Pergeseran dramatis dalam kebijakan A.S. ini segera memicu gelombang aksi demonstrasi “Day of Rage” di wilayah Palestina, bahkan di berbagai negara seperti Turki, Mesir, Yordania, Aljazair, Irak, Indonesia dan di negara-negara Muslim lainnya.
Pengumuman Trump tersebut juga memicu kecaman keras dari seluruh dunia, termasuk Uni-Afrika, Uni Eropa, Negera Amerika Latin dan PBB.
Selama masa kampanye Pilpres AS lalu, Donald Trump berjanji untuk memindahkan Kedutaan A.S. dari Tel Aviv ke Yerusalem, dan sejak Rabu (06/12) janji itu diwujudkan Trump melalui pernyataannya di ruang Resepsi Diplomatik Gedung Putih.
Yerusalem hingga kini tetap menjadi inti konflik Israel-Palestina selama beberapa dekade, sementara rakyat Palestina tetap memperjuangkan Yerusalem Timur yang diduduki Israel sebagai ibu kota negaranya.
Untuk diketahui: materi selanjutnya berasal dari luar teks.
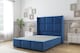 image 1 of Sloomy Beaumont Navy Plush Divan Bed Base 2 Drawers Foot-End With 54 Inch Wingback Headboard & 12 Inch Matching Footboard | Blue | Navy | Small Double | 1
Pada bulan April, Rusia mengumumkan pengakuannya atas Yerusalem Barat sebagai ibukota Israel, yang mengungkapkan harapan bahwa separuh bagian timur kota Yerusalem pada akhirnya dapat berfungsi sebagai ibukota Palestina
Khususnya, dalam pengumumannya pekan lalu, Trump menekankan bahwa pemerintahannya belum mengambil posisi mengenai “batas-batas spesifik kedaulatan Israel di Yerusalem”. [IZ]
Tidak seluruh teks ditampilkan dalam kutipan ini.